We came across a street food market in Leon so we bought a flan and a very gooey chocolate cake. Two miles later we became very tired so we found a very cheap campsite surrounded by pines just 5 minutes from the lake. The lady who ran it had a family, very friendly kids and a brown spaniel. I wish I remembered the name of the place because she took a photo of my daughter with her dog and was going to put it on Facebook.
Just north of Mimizan Plage we found a campsite with a big Caribbean party – fun until 12 then just too loud for this slow-cyclist! This part of the coast is where young people and the masses go camping. After Mimizan we went inland to Gastes, back towards Parentis. We stayed at Gastes for 2 nights at a very reasonable campsite.

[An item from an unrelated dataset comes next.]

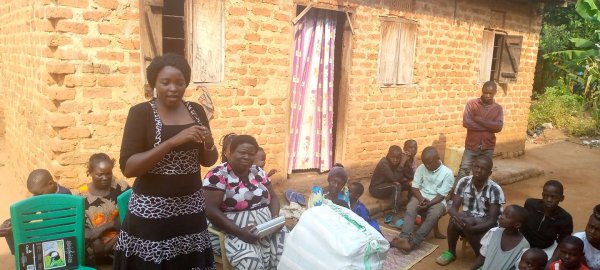 Pastor Caroline Christmas Giving made possible by a generous donor to SFN 2021-12-26 Community of Kaliro Town Council &amp; SEETA-MUKONO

The picture above shows the southern lake where we stayed for two days before going back to Bordeaux from the station at Ychoux.
The cycling part of the holiday took us 7 or 8 days of slow cycling covering the Velo Odyssey route from Archacon to La Benne, so we did 180-200km in total. Local maps are available from tourist information offices along the way and you can buy the cycling map for a couple of euros.
Budget wise, I probably spent 50-100 euros a day for the both of us together so that would be 25-50E each. Municipal campsites were about 24-26E per night (for one pitch).
Useful information:
http://www.freewheelingfrance.com/where-to-go/cycling-the-atlantic
I like that your daughter is cycle touring- cool.
LikeLike
Thanks Susan – she took to it like a duck to water. She could out-pedal me by the end! She also got stuck in with the French, playing with French kids and the camping. Really pleased that it all went so well. It was a dream!